Oleh: Muhammad Syarif*
Sore itu, Jum`at 14
Februari 2014 seperti biasanya saya membeli nasi goreng kesukaan di Punge,
tiba-tiba seorang pak tua menjumpai seorang pemuda namanya Satria (bukan nama
asli). Pak tua ini bermasuk baik, ingin mengatakan bahwa di wilayah ini akan di
pasang Baliho/Spanduk salah seorang calek DPRA. Lalu terjadi perang urat saraf,
dimana pemuda tersebut melarang pak tua itu memasang atribut kampanye berupa
Baliho/Spanduk dan sejenisnya sebelum beliau menghadap secara resmi kepadanya. Mungkin
dugaanku tempat rencana pemasangan Spanduk/Baliho adalah wilayah yuridiksi
simpatisan atau pendukung anak muda tersebut.
Singkat cerita paktua itu
kesal dengan gayanya pemuda yang langsung mengatakan didepan kalayak rame bahwa
jangan pasang Baliho/Spanduk kalau belum ketemu saya. Pak tua tersebut, ngomel-ngomel”
ada-ada saja, kok dia larang, nyoe ka gawat...dst. ini adalah sepenggal kisah
politik menjelang pemilu legislatif April 2014. Tentu suhu politik
dimasing-masing daerah sangat pariatif. Ada yang bertenagan tinggi, rendah, dan
ada juga daerah yang adem-adem ayem saja.
Ini potret awal, gara-gara
calon legislatif (Caleg) simpatisan, pendukung, Kader Parpol diakar rumput
berpotensi adu mulut bahkan adu jotos. Banyak kasus terjadi perkelahian,
pembunuhan terjadi gara-gara atribut partai politik di pasang atau dicabut oleh
orang lain atau lawan politiknya.
Lalu apakah kondisi ini
dibiarkan saja...? “hana soe peureumen” alias tidak banyak orang yang mau ambil
pusing dengan persoalan-perseolan seputar “tensi politik bertengangan tinggi”.
Dimoment lain saya
menemukan adanya pemukulan salah seorang Caleg gara-gara dipasang Spanduk di
lokasi yang tokonya yang barang kali pemilik toko bukan simpatisan Partai
tersebut. Tentu kita sangat berharap kedewasaan politik muncul di pesta
demokrasi 2014.
Kalau kita mau jujur
memang Iklan politik saat ini sudah berserakan. Para peserta pemilu tidak
mengindahkan aturan yang ada seperti UU No.8 Tahun 2012, PKPU No.15 Tahun 2013
tentang perubahan atas PKPU No. 1 Tahun2013 serta Surat KPU No.664/KPU/IX/2013.
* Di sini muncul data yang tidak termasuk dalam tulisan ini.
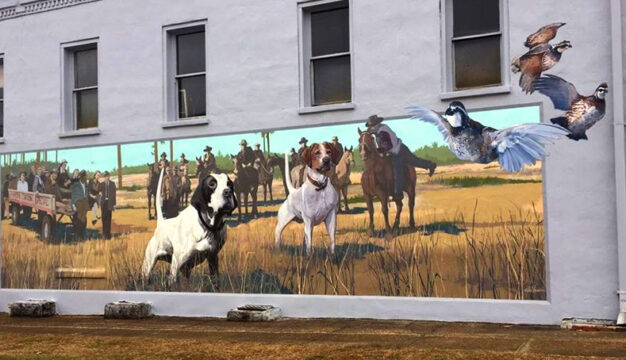 Bullock County Historic Murals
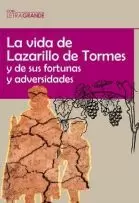 EL LAZARILLO DE TORMES. ( LETRA GRANDE)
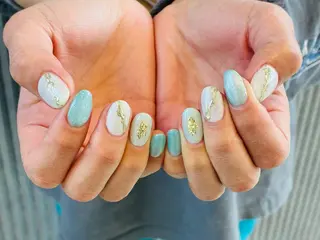 ネイル etoile大垣店 RiNaのネイルデザイン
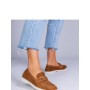 Moccasins model 212442 PRIMO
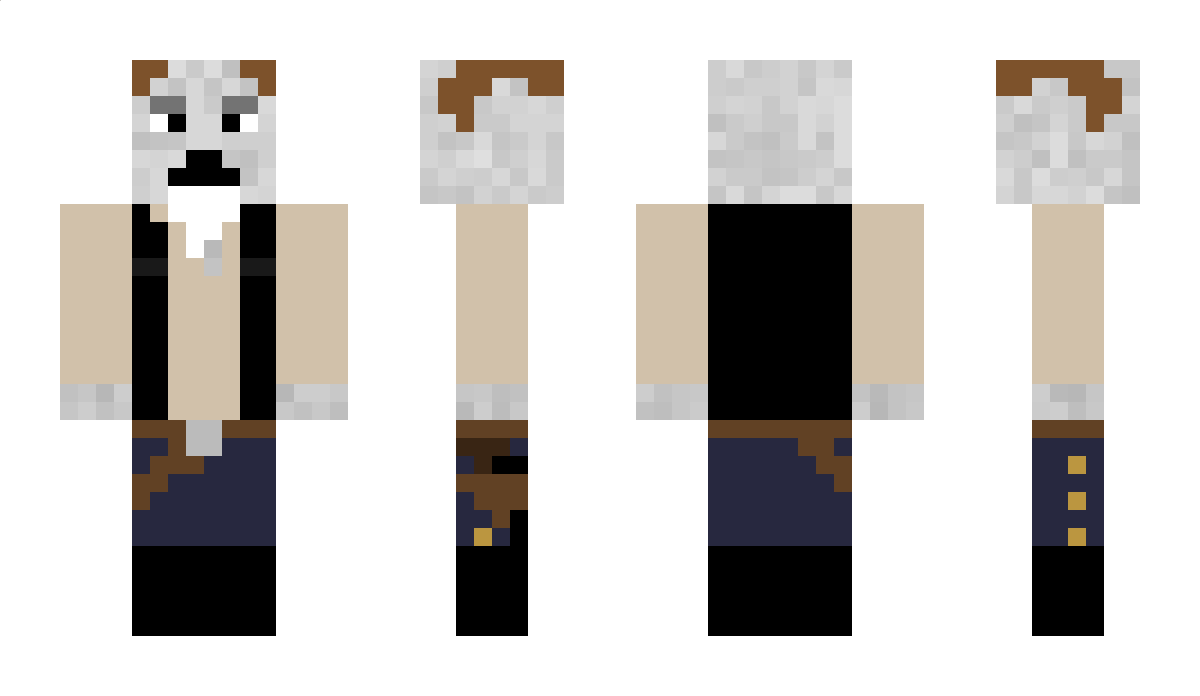 Killer_Bite Minecraft Skin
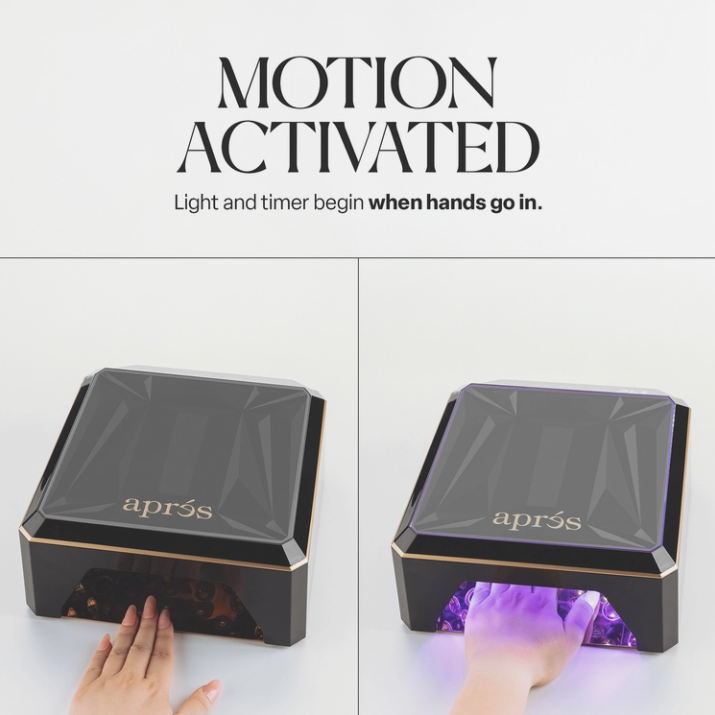 Apres Nova LED Lamp motion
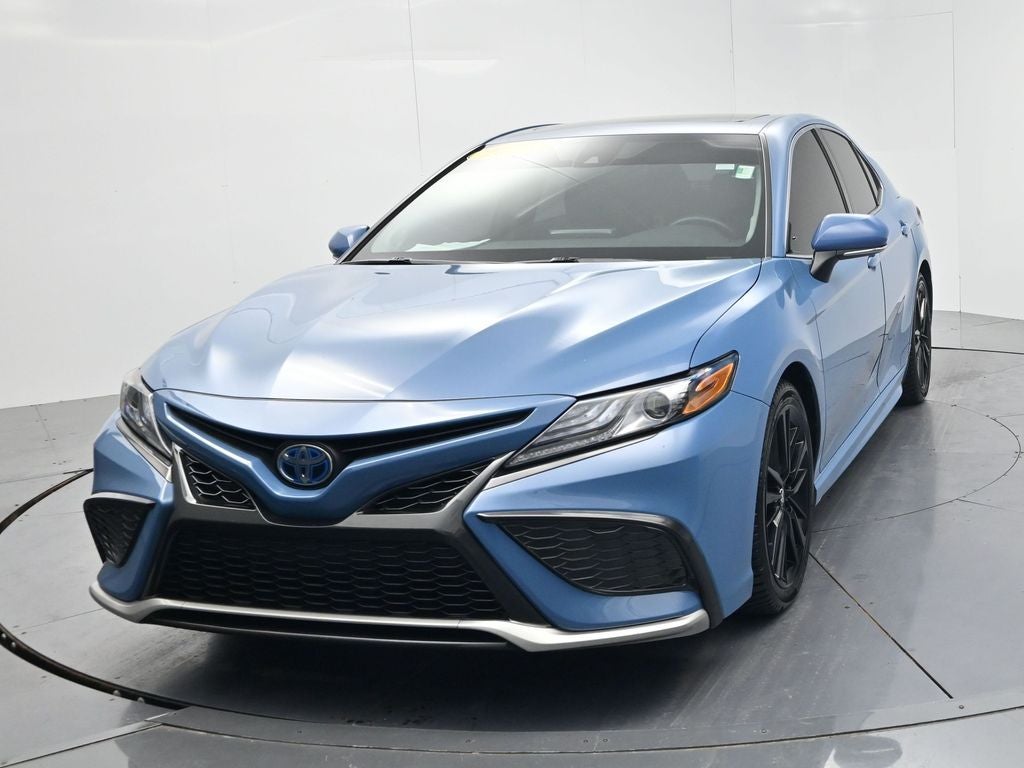 2023 Toyota Camry Hybrid XSE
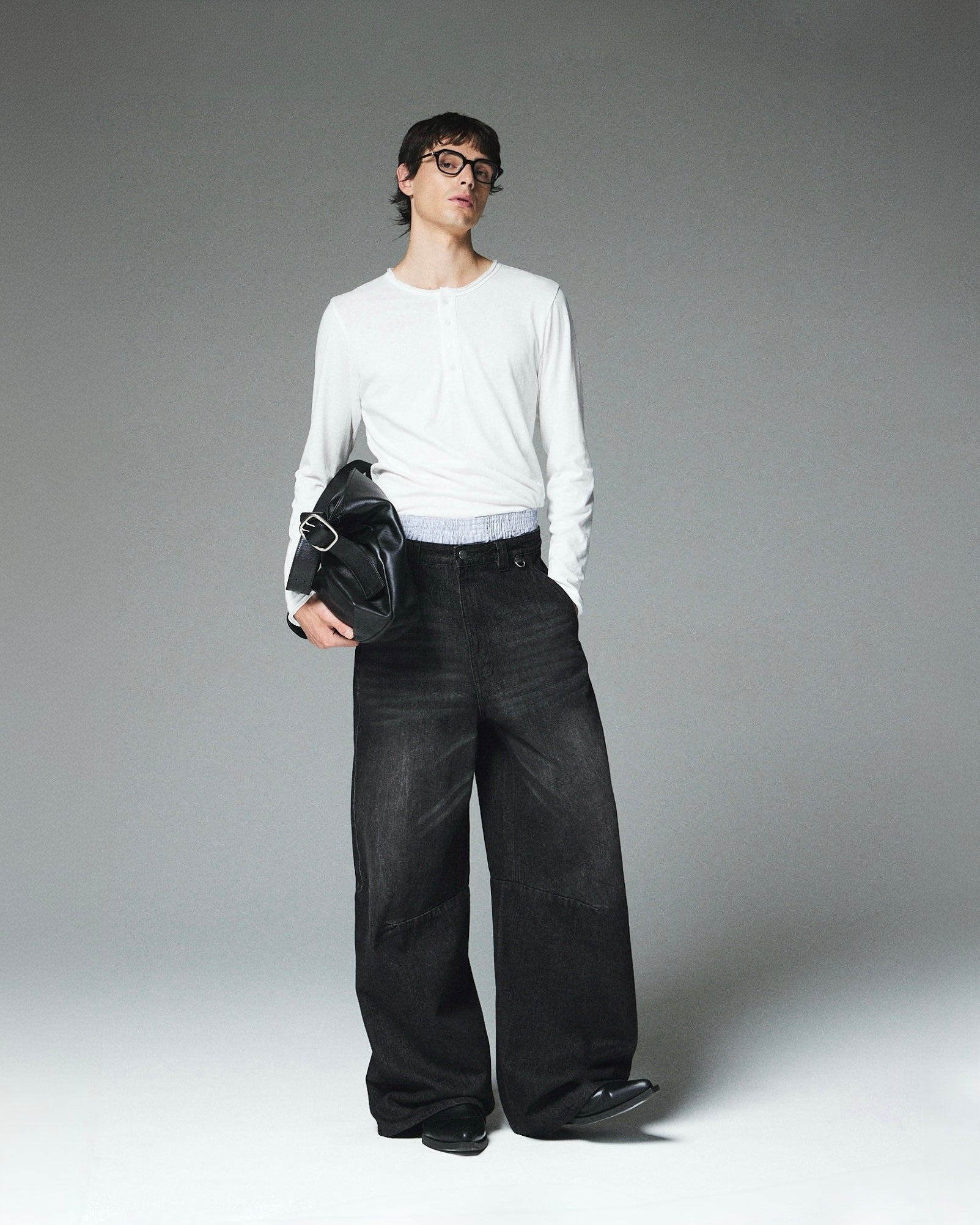 7/10 20:00 発売【CS】cut off henley neck tee – PRESSING WEB SHOP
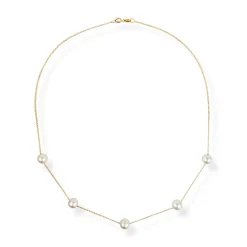 Anissa Kermiche Necklaces-Frost In May Necklace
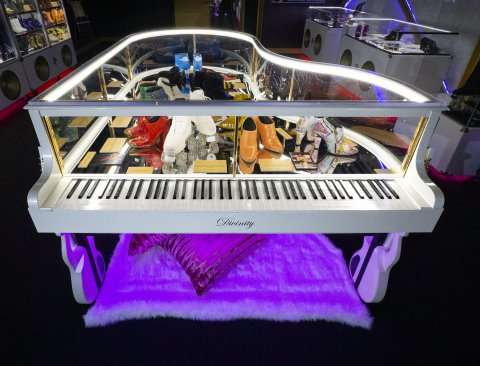 Showcasing 3D printings capabilities in realism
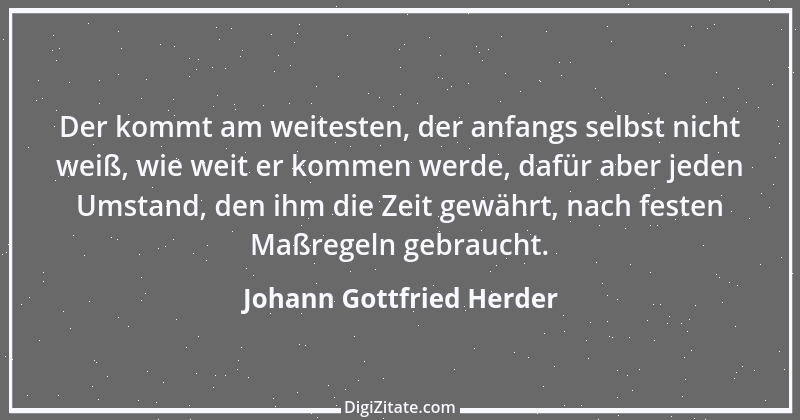 Zitat von Johann Gottfried Herder 356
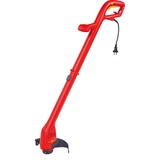 WOLF-Garten LYCOS E/280T elektrische gazon trimmer grastrimmer Rood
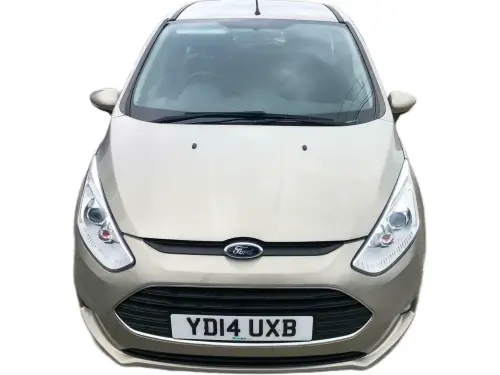 Ford B-Max Zetec YD14 UXB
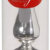 Inge-glas 10000C225 Baumspitze 26 cm, 1 Stück, Silber Glanz - 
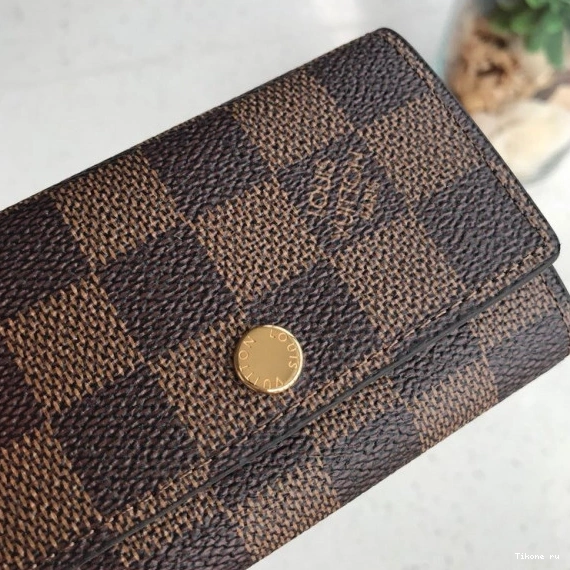 Affordable VUITTON KEY HOLDER LOUIS 6 0802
Media massa pun sudah ikut nimbrung melanggar aturan tersebut hal ini
sebagaimana opini Sapah Politik di Ruang Publik
yang ditulis oleh Mashudi SR (HR SI/Sabtu 15 Februari 2014). Liberalisme
demokrasi politik yang melanda bangsa ini sudah meruntuhkan bangunan ideologi
parpol dan media dan pada saat yang sama pragmatisme tumbuh dengan subur cetus
Mashudi selaku aktifis Pemuda Muhammadiyah Aceh.
Untuk itulah sudah saatnya
rakyat harus lebih cerdas dan dewasa. Biarkan para Politisi berjuang dengan
caranya, kita tidak perlu adu jotos, apa lagi fakta selama ini sudah terlihat
para caleg hanya bertabur janji manis saat kampanye, dimana saat terpilih
mereka pada lupa akan janjinya. Wallahu `alam bishawab.